Genç Adam dergimiz Mayıs 2023 sayısıyla birlikte 41. kez sizlerle olabilmenin heyecanını yaşıyor. 41 demişken bir maşallahınızı alırız. 40’ımız çıktıktan sonraki ilk sayımız aynı zamanda 11. yılımıza girdiğimizin vesikası. 40 sayı eşittir 10 yıl demek. Yayın hayatında çift haneli yaşlara ulaşan sayılı gençlik dergilerinden biriyiz Allahu âlem.
Her sayısını bir eylem olarak gördüğümüz dergimizin bugüne kadar çıkan sayılarında yer alan harflerin sayısı adedince Allah’a hamd olsun. “Fetih Büyüktür 1453’lerden” manşetiyle çıkan ilk sayımızdan bu yana bizlere destek olan okur ve yazarlarımıza, isimli-isimsiz kahramanlarımıza teşekkür ve dua ediyoruz.
“Marifet, iltifata tabidir” derler. Ama bu sözün bir de devamı var; “Müşterisiz mal, zayidir.” Birer üçlüğe benzettiğimiz hiçbir sayımızın zayi olmadığına, dünya ve ahirette bizler için hayırlara vesile olacağına inanıyoruz. Varlığınız ve katkılarınız ümmetin malı bildiğimiz dergimizin müşterisiz kalmaması adına bu noktada büyük önem arz ediyor.

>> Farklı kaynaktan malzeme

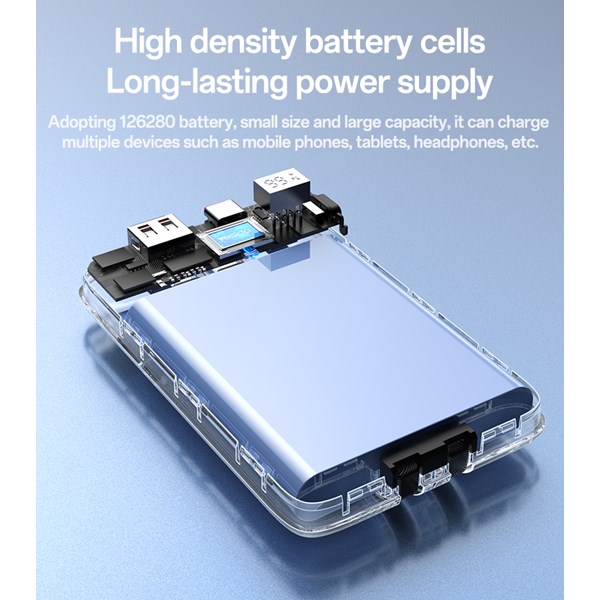 پاوربانک PD و فست شارژ Yesido 20000mAh مدل YP85 22.5W - مشکی (گارانتی 18 ماه تعویض نیکان همراه)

Meselenin bir de sorumluluk tarafı var. Bandrollü yayınlar, telif yasası gereği künyelerinin genellikle alt kısımlarına “yazılardan yazarlar, reklamlardan reklam sahipleri sorumludur” gibi bir not düşerler. “Derdimiz var ki dergimiz var” hassasiyeti taşıyan dergicilerin burada vurguladığı mühim bir espriyi de hatırlamakta fayda var; “Yazılardan yazarlar kadar okurlar da sorumludur.” Bu, resmi değil manevi bir sorumluluk. Sadece bildiren değil, bilen de artık bildiğiyle gücü yettiği kadar amel etmeli.
Dergiler de “eser” kapsamına giren çalışmalar arasında ve emektarları için her sayısıyla birer sadaka-i cariye olma özelliğine sahip inşallah. Yaptığımız zahmetli mi zahmetli işte en büyük teselli kaynaklarımızdan biri de bu.
Sadede gelirsek… Rahmete vesile olmasını ümit ettiğimiz zahmetimizin Mayıs 2023 dosyasını dünya gündeminden ve kendi gündemlerimizden seçtiğimiz muhtelif başlıklara ayırdık.
Metin Başbuğ, zikzaklı bir alan olan kutsallar konusuna girerek kutsiyet nedir, onu kimler belirler, ne adına kutsiyetler atfedilir gibi sorulara cevap aradı. Enes Kılıçoğlu, deprem bölgelerinde görüp hissettiklerini ve ibretlik diyebileceğimiz halleri paylaştı.
İsmail Albayrak, “Allah’tan korkun” buyruğunun geçtiği ayetleri anlamaya ve anlatmaya çalıştı.
Mehmet Akif Köse, insan olarak nelere hazırlıklı olmamız gerektiği üzerinde durdu. Enes Belada, İslam düşmanlığının nedenlerine bakıp niçin kısmını sorguladı.
Bilal İnal, afetleri nasıl okumalıyız sorusu etrafında şekillendirdiği düşüncelerini aktardı. İsmail Arık, muslih yönümüzü unutmadan yaşamamız gerektiğinin altını çizdi. Ramazan Öncül, doğal afet olarak isimlendirilen olayları önceden bilmemiz mümkün mü sorusu etrafında paylaşılan cevaplara mercek tuttu.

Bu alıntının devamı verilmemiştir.